What you need to do - Transcribe, starting at the line with "Gray Solid Long Sleeve Button Down" and ending at the line with "30X 60X Power", every line of the material below exactly, but leave out the pictures and anything outside that span.

:::::

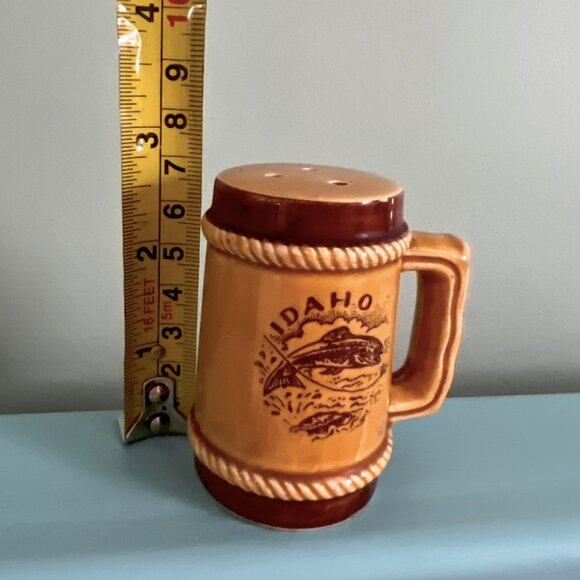 Idaho Fishing 70's Stein Style Salt & Pepper Shaker Set | Retro Kitchenware - Picture 13 of 13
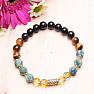 Green jasper, tiger&#39;s eye and obsidian bead bracelet RB Design 121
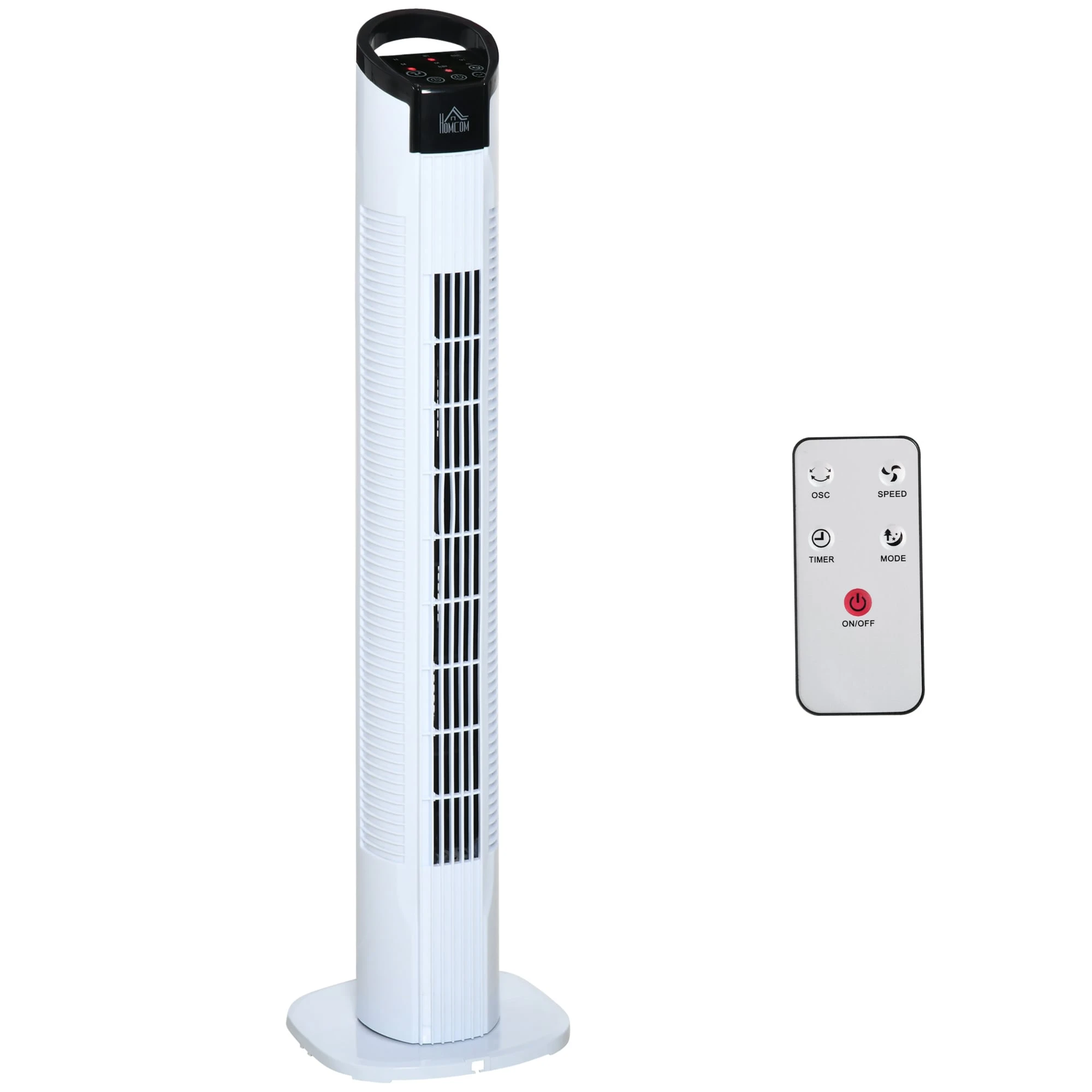 HOMCOM Turmventilator Mit Fernbedienung Weiß 20L X 20B X 78,5H Cm | Ventilator 3 Modi Freistehend Fernbedienung 1 HOMCOM Turmventilator Mit Fernbedienung Weiß 20L X 20B X 78,5H Cm | Ventilator 3 Modi Freistehend Fernbedienung
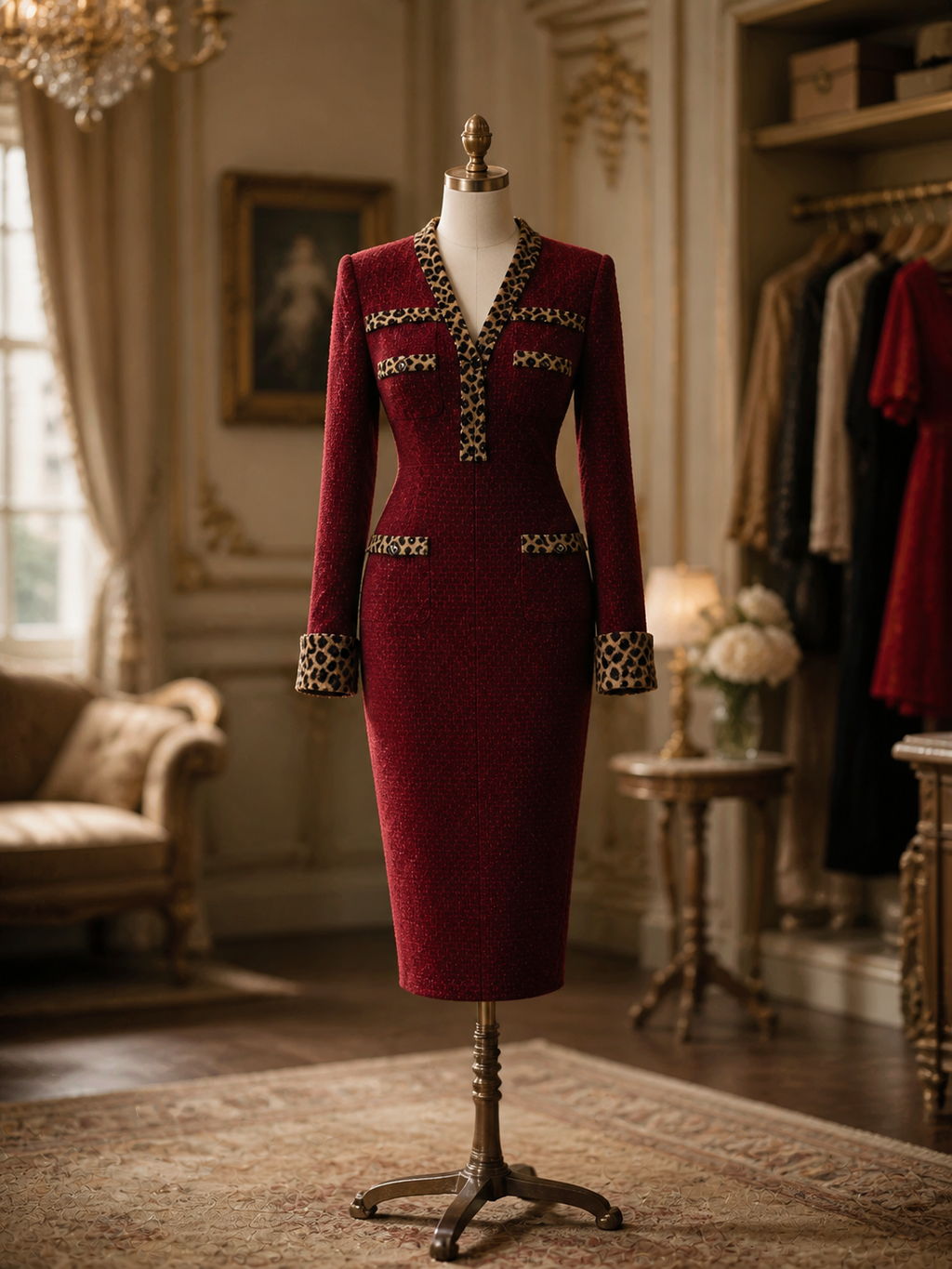 Vintage Burgundy Bodycon Leopard Print Patchwork V‑Neck Midi Dress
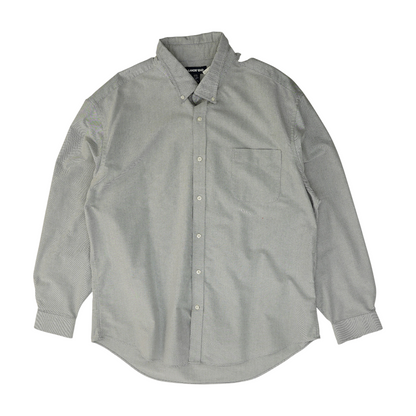 Gray Solid Long Sleeve Button Down
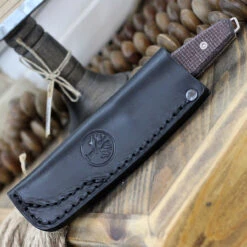 Boker AK1 Fixed Blade 120502, 3" RWL-34 Satin Plain Blade, Mustard Burlap Micarta Handle, Black Leather Sheath 9 Boker AK1 Fixed Blade 120502, 3" RWL-34 Satin Plain Blade, Mustard Burlap Micarta Handle, Black Leather Sheath -OTF Knives Shop Boker AK1 68604.1646925724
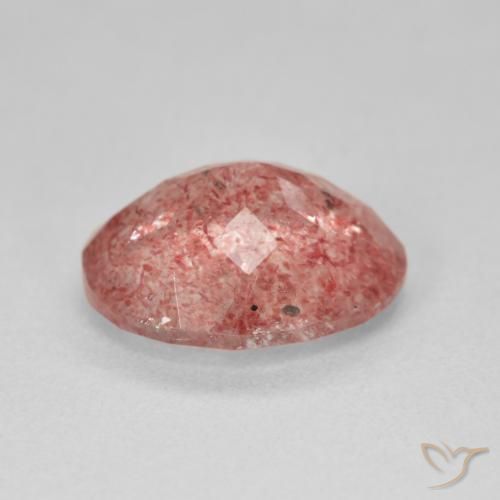 Strawberry Quartz Gemstone in 12 x 10 mm (calibrated) Size for Sale, Strawberry Quartz Stone in Medium Pink Color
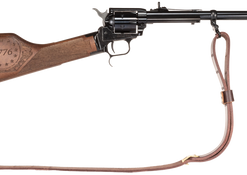 Heritage Rough Rider Rancher 22 LR, 16" Blued Barrel, Independence Day Engraved Walnut, Leather Sling, 6rd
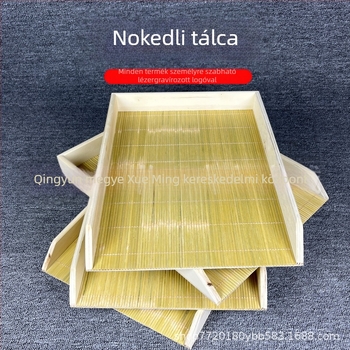 Fából készült gombóctálca, téglalap alakú, egymásra rakható, nordikus stílusú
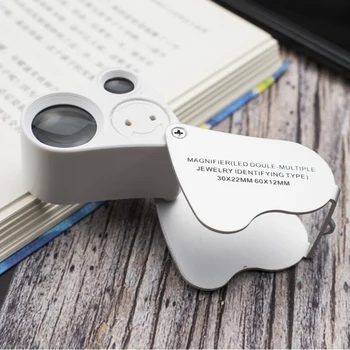 

30X 60X Power Jewelers Magnifier Glass Eye Loupe Jewelry Store LED Lights Loupe Folding Magnifier Outdoor Tools High Quality
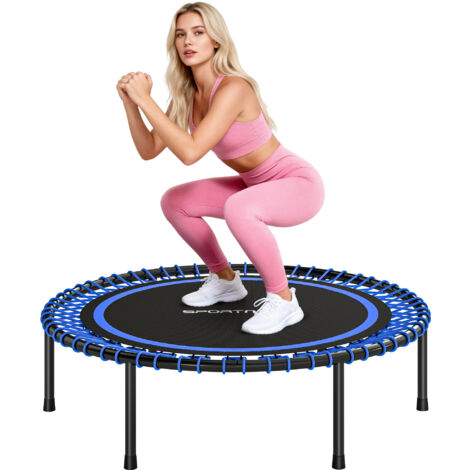 Trampoline de fitness Ø114 cm avec cadre en acier renforcé pour l’entraînement des jambes, corps bleu et noir (1/5)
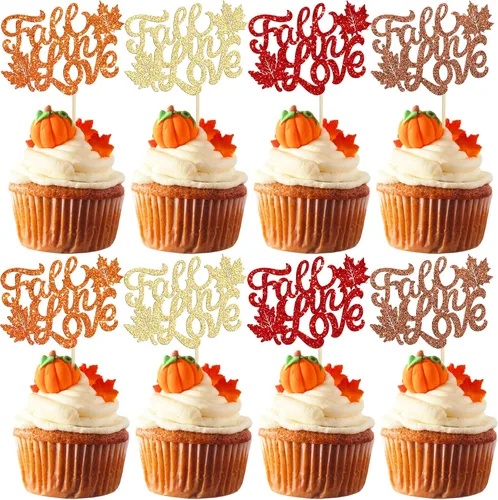 Vista 13 de Gyufise 24 decoraciones para cupcakes de otoño con texto en inglés "Miss to Mrs Cupcake Topper Champage Gold Fall Pumpkin Bride Shower Cake Toppers
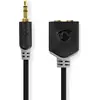 Image de Câble audio stéréo Nedis - 3.5 mm mâle - 2x 3.5 mm femelle - plaqué or - 0.20 m - rond - anthracite - boîte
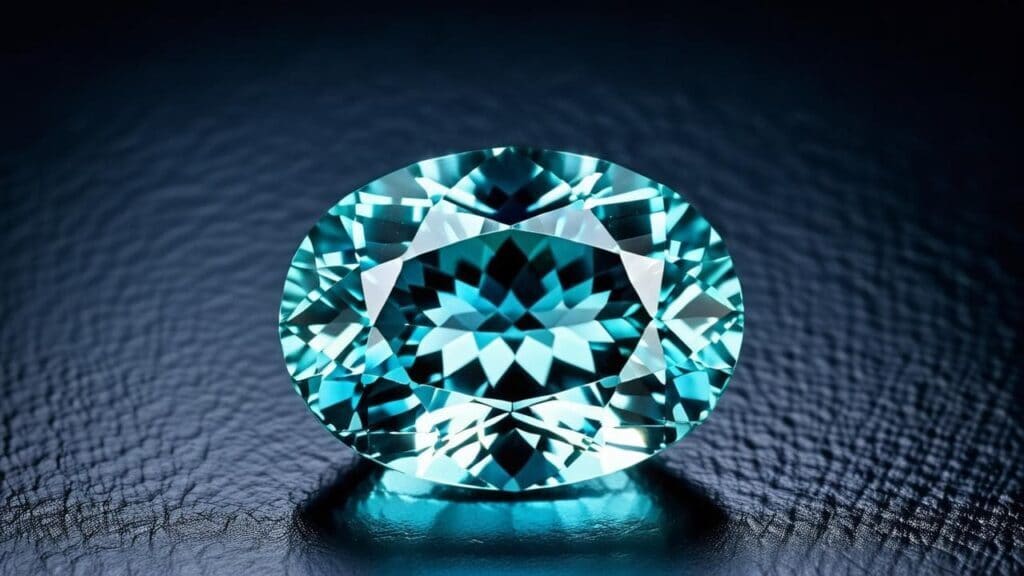Brilliantly faceted aquamarine gemstone with a deep blue-green hue, enhanced through heat treatment to improve color and clarity.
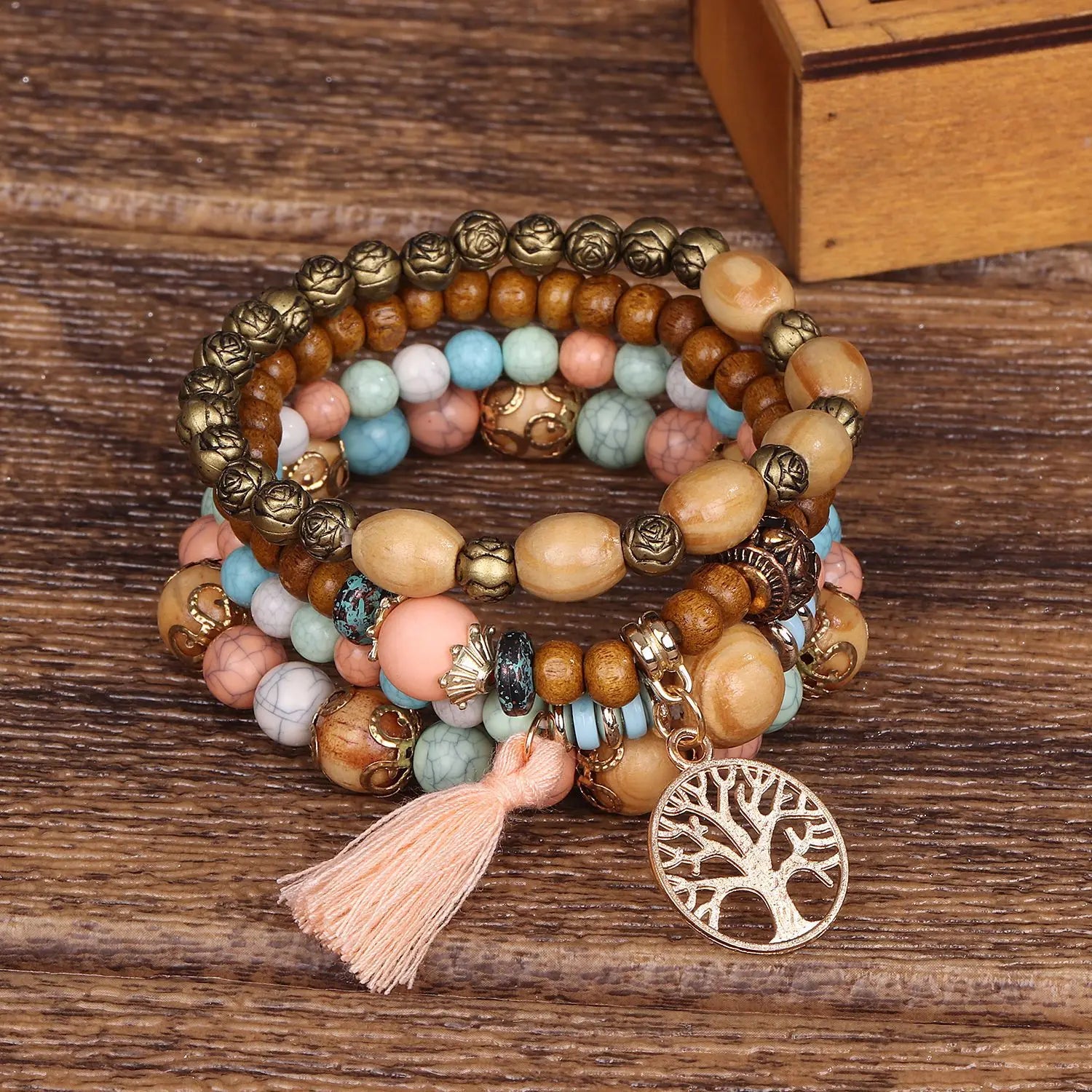 4Pcs/Set Boho Wooden Beaded Bracelet Set For Women Tree Of Life White Tassels Charm Elastic Chain Bangle Lady Bohemia Jewelry-Dollar Bargains Online Shopping Australia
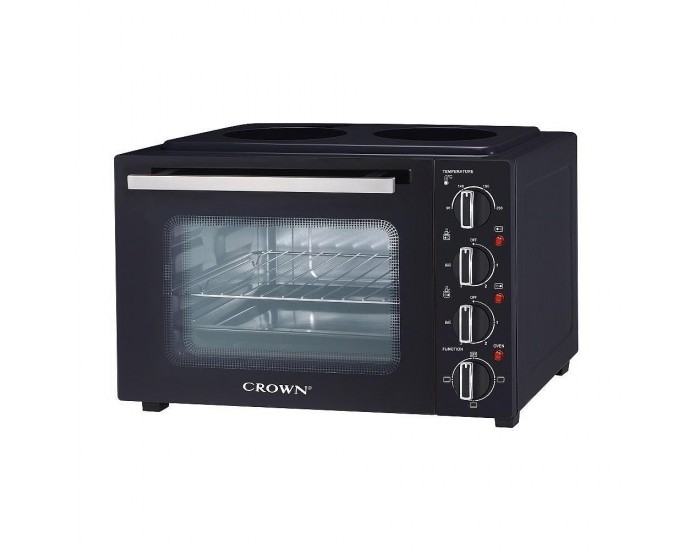Готварска печка (мини) Crown CMO-352CER , 2 ток , Черен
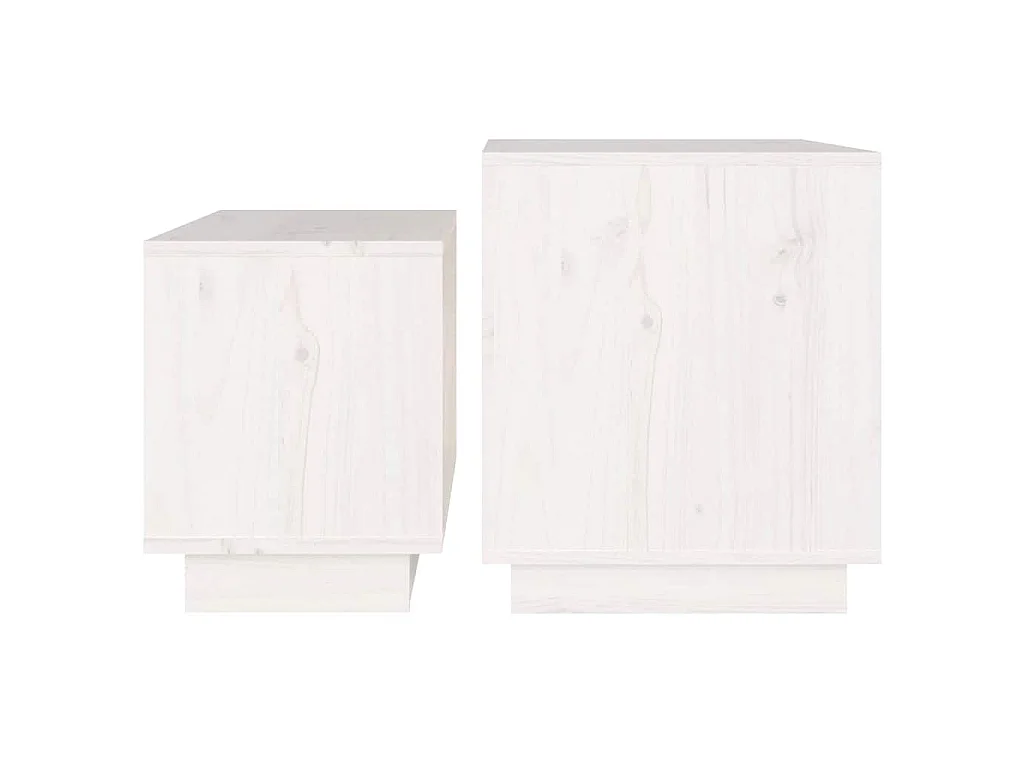 Tables basses gigognes 2 pcs Blanc Bois de pin massif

:::::

Task solution -
 Gray Solid Long Sleeve Button Down
 Boker AK1 Fixed Blade 120502, 3" RWL-34 Satin Plain Blade, Mustard Burlap Micarta Handle, Black Leather Sheath 9 Boker AK1 Fixed Blade 120502, 3" RWL-34 Satin Plain Blade, Mustard Burlap Micarta Handle, Black Leather Sheath -OTF Knives Shop Boker AK1 68604.1646925724
 Strawberry Quartz Gemstone in 12 x 10 mm (calibrated) Size for Sale, Strawberry Quartz Stone in Medium Pink Color
 Heritage Rough Rider Rancher 22 LR, 16" Blued Barrel, Independence Day Engraved Walnut, Leather Sling, 6rd
 Fából készült gombóctálca, téglalap alakú, egymásra rakható, nordikus stílusú

30X 60X Power Jewelers Magnifier Glass Eye Loupe Jewelry Store LED Lights Loupe Folding Magnifier Outdoor Tools High Quality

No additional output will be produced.